Funding has been allocated for building development works at the National Archives Headquarters on Bishop Street, which will address the longstanding problems associated with the storage conditions in the National Archives. It is anticipated that construction will begin in early 2015. I visited the premises and was amazed to see the tremendous collection we have and the excellent relationship they enjoy with PRONI.
Similarly funding has been approved for a significant renovation project at the National Concert Hall as part of the Decade of Centenaries celebrations.
This project involves the renovation of the 'Kevin Barry Room'.
Again this work is long overdue and will serve to improve substantially the facilities at this much loved venue.
My Department and I have been engaged in intensive Budget negotiations for the last number of weeks, and while I cannot of course go into detail at this point, it is certainly my intention to protect our cultural institutions and the arts from any further budgetary cuts, as far as possible.
Guarantee independence of our national cultural institutions and their boards from political interference
I would like now to address the issue of the reform process being undertaken at the national cultural institutions.
I would immediately like to dispel the notion that there is any intention to undermine the independence of our national cultural institutions.
In fact the opposite is the case.
The intention is to copper fasten the legal position of each of the Cultural Institutions to ensure that there is absolute clarity and certainty as to their roles and responsibilities.
As you will be aware the reform of the cultural institutions was first mooted by Fianna Fáil as far back as 2008 when little or no progress was made in relation to this issue.
Indeed, it was that Government which proposed wholesale amalgamations and mergers of these venerable institutions.
Those amalgamation proposals were reviewed by the Fine Gael/Labour Government—and I am pleased to say they were subsequently scrapped.
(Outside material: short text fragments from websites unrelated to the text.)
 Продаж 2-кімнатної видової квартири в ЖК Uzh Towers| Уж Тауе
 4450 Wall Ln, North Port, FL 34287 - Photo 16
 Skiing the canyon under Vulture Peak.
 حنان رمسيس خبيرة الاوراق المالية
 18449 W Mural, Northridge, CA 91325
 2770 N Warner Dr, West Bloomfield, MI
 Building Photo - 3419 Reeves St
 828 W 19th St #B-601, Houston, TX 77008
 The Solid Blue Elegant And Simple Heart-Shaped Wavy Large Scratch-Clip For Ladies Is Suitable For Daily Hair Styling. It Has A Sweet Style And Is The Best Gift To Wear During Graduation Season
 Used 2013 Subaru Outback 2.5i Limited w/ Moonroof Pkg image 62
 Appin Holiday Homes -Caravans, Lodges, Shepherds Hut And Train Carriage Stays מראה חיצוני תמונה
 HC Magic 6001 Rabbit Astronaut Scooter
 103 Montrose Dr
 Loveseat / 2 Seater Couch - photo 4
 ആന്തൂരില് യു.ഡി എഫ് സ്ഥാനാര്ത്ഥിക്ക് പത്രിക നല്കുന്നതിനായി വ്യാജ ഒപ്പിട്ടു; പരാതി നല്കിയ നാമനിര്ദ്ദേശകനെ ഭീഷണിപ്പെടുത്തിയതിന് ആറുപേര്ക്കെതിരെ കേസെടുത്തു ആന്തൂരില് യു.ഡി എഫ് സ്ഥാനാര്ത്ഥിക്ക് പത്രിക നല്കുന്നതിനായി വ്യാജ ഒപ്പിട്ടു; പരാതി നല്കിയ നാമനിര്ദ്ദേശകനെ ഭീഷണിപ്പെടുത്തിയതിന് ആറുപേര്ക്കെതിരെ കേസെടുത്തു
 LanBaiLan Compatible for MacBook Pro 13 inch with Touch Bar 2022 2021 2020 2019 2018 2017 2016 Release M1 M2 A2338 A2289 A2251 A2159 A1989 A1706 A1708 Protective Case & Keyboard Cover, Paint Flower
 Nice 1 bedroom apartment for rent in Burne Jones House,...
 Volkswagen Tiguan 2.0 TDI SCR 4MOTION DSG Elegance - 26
My Department carried out an in-depth examination of the position in each of the cultural institutions and following this review the then Minister, Jimmy Deenihan TD, brought proposals to Government which were accepted in relation to the institutions which I have already mentioned.
This includes creating a legislative basis for three cultural institutions, the National Concert Hall, the Irish Museum of Modern and the Crawford Art Gallery and updating the legislation in relation to the National Gallery of Ireland, which dates back to Victorian times.
The proposals also provide for a range of operational reform measures, including shared services, governance reform, reduced board sizes and enhanced processes for board appointments.
I am pleased to report that significant progress has already been made on an administrative basis in relation to a number of reform measures.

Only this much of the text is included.